The Cost of Relaxation: Evaluating the Error in Convex Neural Network Verification

arXiv cs.AI / 4/22/2026

💬 OpinionIdeas & Deep AnalysisModels & Research

Key Points

  • The paper analyzes how convex relaxations used in neural network verification can lose soundness by allowing outputs that the original network cannot produce.
  • It models the relaxation set as a lattice, where the fully relaxed model (all neurons linearized) is the top element and the original network is the bottom element.
  • The authors derive analytical bounds on the worst-case difference (measured via the ℓ∞-distance) between original-network outputs and fully relaxed outputs.
  • They find the output divergence grows exponentially with network depth and linearly with input radius, while the misclassification probability shows a step-like dependence on input radius.
  • Experiments on MNIST, Fashion MNIST, and random networks support the theoretical predictions.

Abstract

Many neural network (NN) verification systems represent the network's input-output relation as a constraint program. Sound and complete, representations involve integer constraints, for simulating the activations. Recent works convexly relax the integer constraints, improving performance, at the cost of soundness. Convex relaxations consider outputs that are unreachable by the original network. We study the worst case divergence between the original network and its convex relaxations; both qualitatively and quantitatively.

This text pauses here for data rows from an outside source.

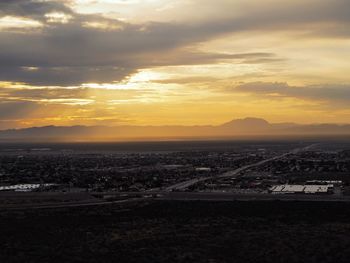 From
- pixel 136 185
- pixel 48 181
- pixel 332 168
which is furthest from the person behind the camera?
pixel 332 168

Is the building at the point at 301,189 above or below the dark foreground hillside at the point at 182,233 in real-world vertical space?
above

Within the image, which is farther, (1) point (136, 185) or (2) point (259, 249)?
(1) point (136, 185)

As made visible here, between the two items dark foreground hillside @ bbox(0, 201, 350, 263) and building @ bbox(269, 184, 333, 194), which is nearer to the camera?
dark foreground hillside @ bbox(0, 201, 350, 263)

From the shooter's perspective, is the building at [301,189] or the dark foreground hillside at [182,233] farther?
the building at [301,189]

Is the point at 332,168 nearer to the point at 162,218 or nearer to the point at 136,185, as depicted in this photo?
the point at 136,185

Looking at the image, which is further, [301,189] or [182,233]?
[301,189]

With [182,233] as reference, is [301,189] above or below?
above

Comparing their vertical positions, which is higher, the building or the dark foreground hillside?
the building

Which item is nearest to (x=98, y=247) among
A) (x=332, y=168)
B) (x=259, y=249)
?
(x=259, y=249) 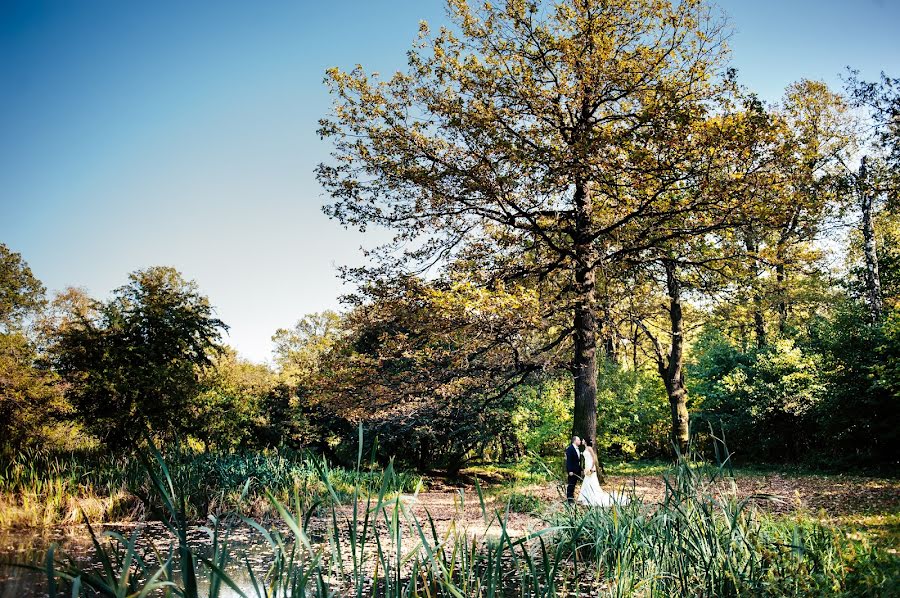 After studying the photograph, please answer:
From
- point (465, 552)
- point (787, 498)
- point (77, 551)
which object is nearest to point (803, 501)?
point (787, 498)

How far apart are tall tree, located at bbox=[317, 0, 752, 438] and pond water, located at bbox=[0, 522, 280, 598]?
221 inches

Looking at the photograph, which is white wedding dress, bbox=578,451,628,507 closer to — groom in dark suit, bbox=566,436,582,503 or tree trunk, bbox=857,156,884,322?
groom in dark suit, bbox=566,436,582,503

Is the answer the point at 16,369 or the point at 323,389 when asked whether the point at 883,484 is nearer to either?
the point at 323,389

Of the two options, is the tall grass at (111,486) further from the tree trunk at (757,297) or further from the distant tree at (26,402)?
the tree trunk at (757,297)

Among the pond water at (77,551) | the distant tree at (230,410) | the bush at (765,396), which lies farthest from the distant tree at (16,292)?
the bush at (765,396)

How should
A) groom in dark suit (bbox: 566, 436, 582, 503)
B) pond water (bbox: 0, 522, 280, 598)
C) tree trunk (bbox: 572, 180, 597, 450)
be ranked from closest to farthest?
pond water (bbox: 0, 522, 280, 598) < groom in dark suit (bbox: 566, 436, 582, 503) < tree trunk (bbox: 572, 180, 597, 450)

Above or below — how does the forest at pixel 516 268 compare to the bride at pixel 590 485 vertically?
above

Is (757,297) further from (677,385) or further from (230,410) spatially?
(230,410)

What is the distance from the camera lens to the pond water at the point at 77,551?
16.7ft

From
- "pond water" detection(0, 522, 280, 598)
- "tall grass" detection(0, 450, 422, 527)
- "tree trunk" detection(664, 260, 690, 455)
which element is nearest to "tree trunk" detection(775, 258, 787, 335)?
"tree trunk" detection(664, 260, 690, 455)

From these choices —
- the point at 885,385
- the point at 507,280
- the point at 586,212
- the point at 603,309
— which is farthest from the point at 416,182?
the point at 885,385

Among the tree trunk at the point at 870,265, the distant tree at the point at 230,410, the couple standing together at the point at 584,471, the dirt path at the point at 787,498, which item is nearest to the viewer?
the dirt path at the point at 787,498

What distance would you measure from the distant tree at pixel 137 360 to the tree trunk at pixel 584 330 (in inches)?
321

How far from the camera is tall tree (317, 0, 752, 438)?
955cm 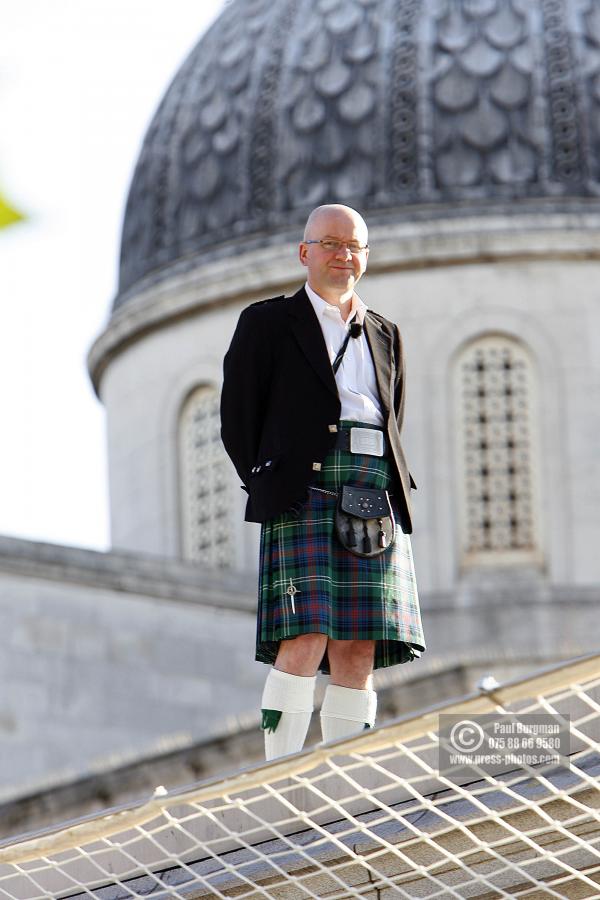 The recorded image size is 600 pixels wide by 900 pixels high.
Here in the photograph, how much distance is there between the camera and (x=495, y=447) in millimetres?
28719

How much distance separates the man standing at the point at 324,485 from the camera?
897cm

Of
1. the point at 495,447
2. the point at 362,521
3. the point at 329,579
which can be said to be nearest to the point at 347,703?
the point at 329,579

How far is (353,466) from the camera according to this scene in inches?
357

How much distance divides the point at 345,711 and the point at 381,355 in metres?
1.20

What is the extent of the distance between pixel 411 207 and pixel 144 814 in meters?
20.6

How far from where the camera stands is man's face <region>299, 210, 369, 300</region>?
9117 millimetres

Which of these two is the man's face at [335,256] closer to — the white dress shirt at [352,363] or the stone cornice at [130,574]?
the white dress shirt at [352,363]

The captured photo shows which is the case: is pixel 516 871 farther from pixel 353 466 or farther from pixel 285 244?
pixel 285 244

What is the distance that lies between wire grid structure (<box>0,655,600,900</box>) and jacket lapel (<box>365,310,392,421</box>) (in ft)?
3.76

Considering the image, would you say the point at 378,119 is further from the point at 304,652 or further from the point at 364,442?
the point at 304,652

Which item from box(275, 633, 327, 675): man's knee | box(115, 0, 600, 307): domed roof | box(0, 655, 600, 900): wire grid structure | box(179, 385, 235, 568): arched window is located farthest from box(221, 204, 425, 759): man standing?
box(179, 385, 235, 568): arched window

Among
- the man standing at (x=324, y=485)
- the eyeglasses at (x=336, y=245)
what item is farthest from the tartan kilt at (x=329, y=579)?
the eyeglasses at (x=336, y=245)

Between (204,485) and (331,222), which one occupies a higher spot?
(331,222)

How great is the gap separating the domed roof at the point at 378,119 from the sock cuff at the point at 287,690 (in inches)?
773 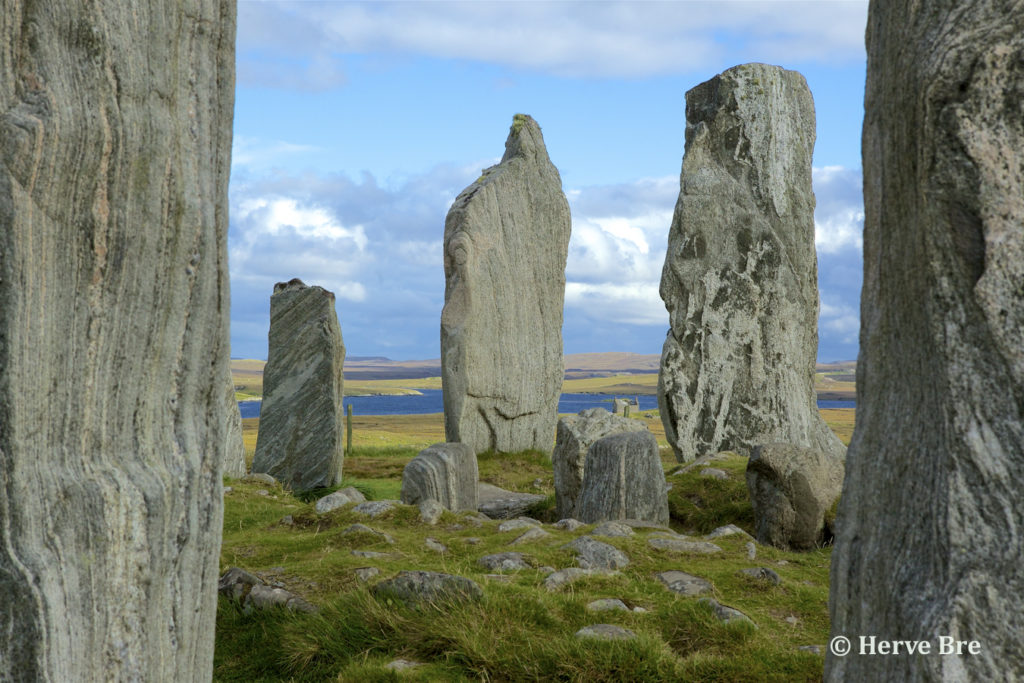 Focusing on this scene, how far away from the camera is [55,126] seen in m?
3.31

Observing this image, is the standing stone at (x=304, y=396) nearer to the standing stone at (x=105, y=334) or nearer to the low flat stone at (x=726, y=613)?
the low flat stone at (x=726, y=613)

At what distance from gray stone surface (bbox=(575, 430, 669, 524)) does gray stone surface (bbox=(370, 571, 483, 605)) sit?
3.60 metres

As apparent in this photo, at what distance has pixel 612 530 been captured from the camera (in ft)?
23.9

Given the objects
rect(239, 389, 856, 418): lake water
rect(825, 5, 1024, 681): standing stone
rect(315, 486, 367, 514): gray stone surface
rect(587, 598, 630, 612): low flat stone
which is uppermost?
rect(825, 5, 1024, 681): standing stone

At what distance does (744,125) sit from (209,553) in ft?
38.8

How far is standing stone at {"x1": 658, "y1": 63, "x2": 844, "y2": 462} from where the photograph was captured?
13.3m

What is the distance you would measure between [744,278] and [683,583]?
8.32 metres

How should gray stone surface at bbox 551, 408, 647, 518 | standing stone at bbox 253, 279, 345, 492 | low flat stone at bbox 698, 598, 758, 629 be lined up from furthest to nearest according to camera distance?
standing stone at bbox 253, 279, 345, 492
gray stone surface at bbox 551, 408, 647, 518
low flat stone at bbox 698, 598, 758, 629

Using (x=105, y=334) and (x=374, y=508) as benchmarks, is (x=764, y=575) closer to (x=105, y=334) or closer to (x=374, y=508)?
(x=374, y=508)

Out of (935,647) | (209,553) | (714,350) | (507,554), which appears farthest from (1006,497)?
(714,350)

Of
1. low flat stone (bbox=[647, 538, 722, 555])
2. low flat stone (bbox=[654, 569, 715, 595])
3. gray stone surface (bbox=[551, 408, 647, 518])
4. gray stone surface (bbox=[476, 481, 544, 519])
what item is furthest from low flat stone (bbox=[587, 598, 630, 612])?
gray stone surface (bbox=[476, 481, 544, 519])

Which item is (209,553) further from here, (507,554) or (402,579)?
(507,554)

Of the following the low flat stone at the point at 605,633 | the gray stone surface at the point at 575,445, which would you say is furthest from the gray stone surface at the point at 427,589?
the gray stone surface at the point at 575,445

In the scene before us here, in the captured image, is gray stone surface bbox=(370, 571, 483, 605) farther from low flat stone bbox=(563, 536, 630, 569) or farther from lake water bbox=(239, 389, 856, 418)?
lake water bbox=(239, 389, 856, 418) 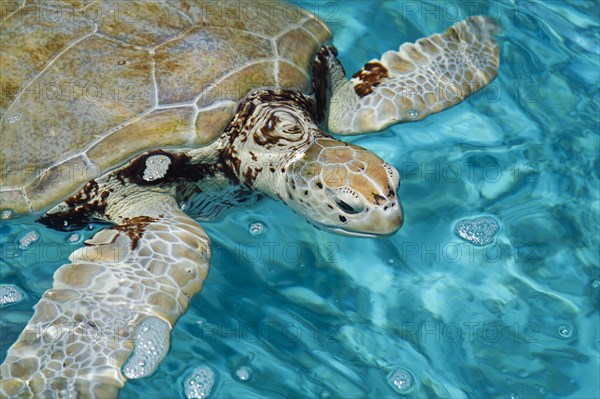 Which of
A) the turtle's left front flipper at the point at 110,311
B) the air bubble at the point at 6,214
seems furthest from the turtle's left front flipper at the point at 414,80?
the air bubble at the point at 6,214

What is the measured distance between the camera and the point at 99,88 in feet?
10.4

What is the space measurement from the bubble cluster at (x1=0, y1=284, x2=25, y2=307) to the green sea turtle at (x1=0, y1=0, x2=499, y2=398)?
1.35 feet

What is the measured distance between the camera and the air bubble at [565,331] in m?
3.59

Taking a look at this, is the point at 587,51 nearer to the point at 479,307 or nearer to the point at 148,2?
the point at 479,307

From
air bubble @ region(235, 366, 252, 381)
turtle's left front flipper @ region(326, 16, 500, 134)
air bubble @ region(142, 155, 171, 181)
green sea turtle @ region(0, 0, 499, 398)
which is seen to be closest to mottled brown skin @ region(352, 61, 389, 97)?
turtle's left front flipper @ region(326, 16, 500, 134)

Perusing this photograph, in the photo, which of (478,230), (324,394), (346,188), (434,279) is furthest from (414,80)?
(324,394)

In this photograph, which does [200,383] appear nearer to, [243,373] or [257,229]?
[243,373]

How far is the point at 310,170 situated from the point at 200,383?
3.65 feet

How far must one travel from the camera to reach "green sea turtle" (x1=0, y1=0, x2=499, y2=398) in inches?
117

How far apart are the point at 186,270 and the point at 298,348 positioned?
710 millimetres

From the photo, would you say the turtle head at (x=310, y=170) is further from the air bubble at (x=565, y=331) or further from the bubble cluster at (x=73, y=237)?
the air bubble at (x=565, y=331)

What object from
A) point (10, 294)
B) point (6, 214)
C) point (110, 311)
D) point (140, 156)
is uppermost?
point (140, 156)

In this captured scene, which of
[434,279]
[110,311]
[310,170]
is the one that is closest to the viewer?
[110,311]

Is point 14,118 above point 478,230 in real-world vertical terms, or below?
above
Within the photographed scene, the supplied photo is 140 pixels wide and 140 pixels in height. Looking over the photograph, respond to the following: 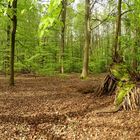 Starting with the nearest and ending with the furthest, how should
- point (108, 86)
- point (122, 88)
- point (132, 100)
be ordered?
point (132, 100) < point (122, 88) < point (108, 86)

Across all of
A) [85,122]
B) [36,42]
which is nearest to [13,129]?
[85,122]

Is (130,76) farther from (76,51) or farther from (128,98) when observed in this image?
(76,51)

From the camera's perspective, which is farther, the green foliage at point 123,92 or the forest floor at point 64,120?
the green foliage at point 123,92

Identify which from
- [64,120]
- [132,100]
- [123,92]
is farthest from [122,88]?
[64,120]

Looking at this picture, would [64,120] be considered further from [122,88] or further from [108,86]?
[108,86]

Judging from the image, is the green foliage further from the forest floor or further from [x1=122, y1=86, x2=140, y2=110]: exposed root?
the forest floor

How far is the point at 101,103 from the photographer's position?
10031 millimetres

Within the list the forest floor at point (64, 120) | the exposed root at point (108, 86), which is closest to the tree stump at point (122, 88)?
the exposed root at point (108, 86)

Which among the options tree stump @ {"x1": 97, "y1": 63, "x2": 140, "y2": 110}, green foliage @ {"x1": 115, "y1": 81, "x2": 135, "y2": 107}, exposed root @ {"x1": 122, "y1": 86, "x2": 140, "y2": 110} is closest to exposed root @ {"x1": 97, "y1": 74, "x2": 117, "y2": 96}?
tree stump @ {"x1": 97, "y1": 63, "x2": 140, "y2": 110}

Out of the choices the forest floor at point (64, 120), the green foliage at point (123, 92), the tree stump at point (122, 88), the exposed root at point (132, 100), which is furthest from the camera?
the green foliage at point (123, 92)

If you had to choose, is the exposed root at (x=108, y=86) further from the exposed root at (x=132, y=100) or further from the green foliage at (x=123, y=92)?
the exposed root at (x=132, y=100)

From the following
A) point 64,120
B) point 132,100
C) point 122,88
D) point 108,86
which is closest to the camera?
point 64,120

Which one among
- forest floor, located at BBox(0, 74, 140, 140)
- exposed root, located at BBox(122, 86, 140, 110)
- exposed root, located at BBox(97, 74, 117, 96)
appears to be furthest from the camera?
exposed root, located at BBox(97, 74, 117, 96)

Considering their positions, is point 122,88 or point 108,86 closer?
point 122,88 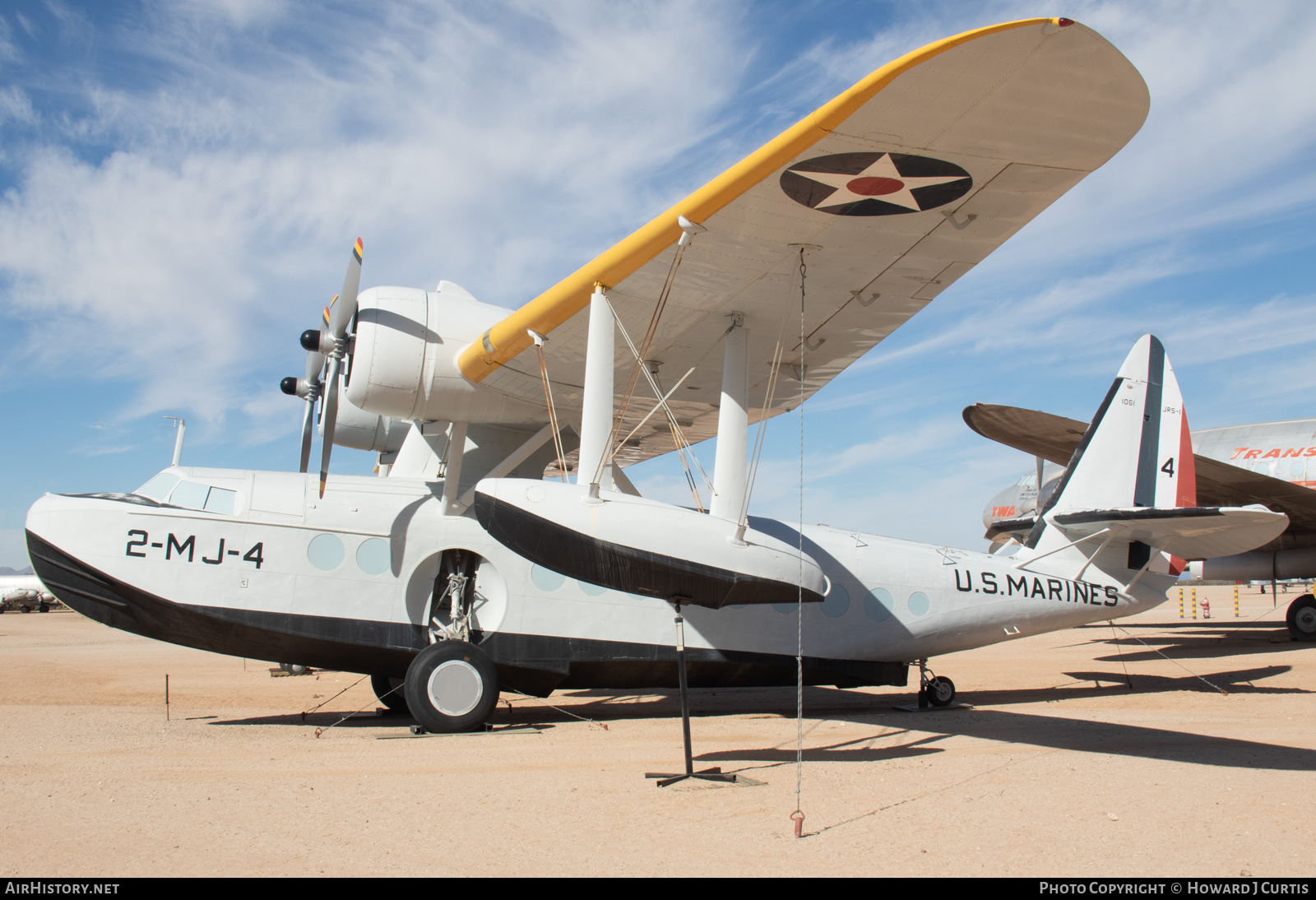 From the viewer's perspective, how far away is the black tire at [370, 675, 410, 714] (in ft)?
30.6

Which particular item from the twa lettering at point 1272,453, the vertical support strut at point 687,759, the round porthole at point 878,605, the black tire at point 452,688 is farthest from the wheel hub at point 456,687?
the twa lettering at point 1272,453

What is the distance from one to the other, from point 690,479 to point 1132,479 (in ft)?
25.2

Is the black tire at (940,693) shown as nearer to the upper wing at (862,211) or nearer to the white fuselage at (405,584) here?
the white fuselage at (405,584)

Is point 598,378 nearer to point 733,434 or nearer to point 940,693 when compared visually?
point 733,434

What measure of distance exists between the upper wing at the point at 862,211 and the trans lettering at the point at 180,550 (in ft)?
9.72

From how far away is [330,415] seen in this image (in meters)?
8.48

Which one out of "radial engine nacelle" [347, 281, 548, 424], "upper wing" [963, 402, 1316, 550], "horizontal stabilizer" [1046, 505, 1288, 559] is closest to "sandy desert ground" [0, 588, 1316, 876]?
"horizontal stabilizer" [1046, 505, 1288, 559]

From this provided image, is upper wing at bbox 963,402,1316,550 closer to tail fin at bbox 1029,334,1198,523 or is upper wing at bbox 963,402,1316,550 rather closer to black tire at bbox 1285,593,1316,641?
black tire at bbox 1285,593,1316,641

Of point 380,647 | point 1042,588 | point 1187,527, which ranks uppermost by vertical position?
point 1187,527

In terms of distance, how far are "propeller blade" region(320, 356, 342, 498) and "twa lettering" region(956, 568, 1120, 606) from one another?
758cm

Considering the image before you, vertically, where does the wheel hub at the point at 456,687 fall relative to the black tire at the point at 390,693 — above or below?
above

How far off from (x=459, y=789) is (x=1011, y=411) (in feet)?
47.6

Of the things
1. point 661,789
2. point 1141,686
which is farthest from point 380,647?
point 1141,686

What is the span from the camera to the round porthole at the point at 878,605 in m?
9.62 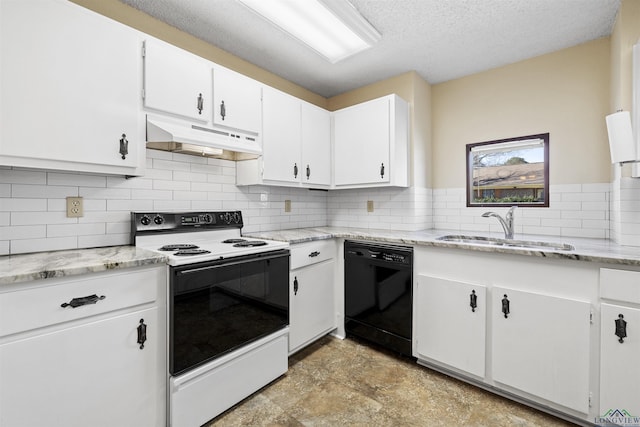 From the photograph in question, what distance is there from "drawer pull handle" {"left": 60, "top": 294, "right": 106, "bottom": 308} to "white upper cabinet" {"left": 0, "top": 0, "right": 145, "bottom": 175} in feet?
2.18

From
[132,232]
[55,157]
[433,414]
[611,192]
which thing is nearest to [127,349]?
[132,232]

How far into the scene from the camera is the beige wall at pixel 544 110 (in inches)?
88.0

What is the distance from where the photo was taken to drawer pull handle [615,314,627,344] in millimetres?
1441

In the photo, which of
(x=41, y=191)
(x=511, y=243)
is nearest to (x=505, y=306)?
(x=511, y=243)

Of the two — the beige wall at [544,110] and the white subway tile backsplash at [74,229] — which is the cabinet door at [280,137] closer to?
the white subway tile backsplash at [74,229]

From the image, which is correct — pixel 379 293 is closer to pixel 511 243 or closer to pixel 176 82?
pixel 511 243

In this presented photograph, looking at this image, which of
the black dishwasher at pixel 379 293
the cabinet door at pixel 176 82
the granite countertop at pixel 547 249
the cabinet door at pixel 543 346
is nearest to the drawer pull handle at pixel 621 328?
the cabinet door at pixel 543 346

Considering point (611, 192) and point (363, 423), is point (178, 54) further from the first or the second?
point (611, 192)

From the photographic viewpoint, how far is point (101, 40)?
60.7 inches

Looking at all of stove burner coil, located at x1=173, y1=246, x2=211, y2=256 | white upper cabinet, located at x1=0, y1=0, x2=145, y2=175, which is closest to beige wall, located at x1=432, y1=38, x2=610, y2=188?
stove burner coil, located at x1=173, y1=246, x2=211, y2=256

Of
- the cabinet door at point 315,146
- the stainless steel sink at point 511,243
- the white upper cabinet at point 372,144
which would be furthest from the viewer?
the cabinet door at point 315,146

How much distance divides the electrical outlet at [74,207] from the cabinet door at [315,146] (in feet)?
5.36

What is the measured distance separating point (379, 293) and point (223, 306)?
1244 mm

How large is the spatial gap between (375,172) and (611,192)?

The relaxations' space forms a lattice, where the top element corresponds to a full relaxation, with every neuron linearized. The bottom element corresponds to the original network. We provide analytical upper and lower bounds for the \ell_\infty-distance between the fully relaxed and original outputs. This distance grows exponentially, w.r.t. the network's depth, and linearly w.r.t. the input's radius. The misclassification probability exhibits a step-like behavior, w.r.t. input radius. Our results are supported by experiments on MNIST, Fashion MNIST and random networks.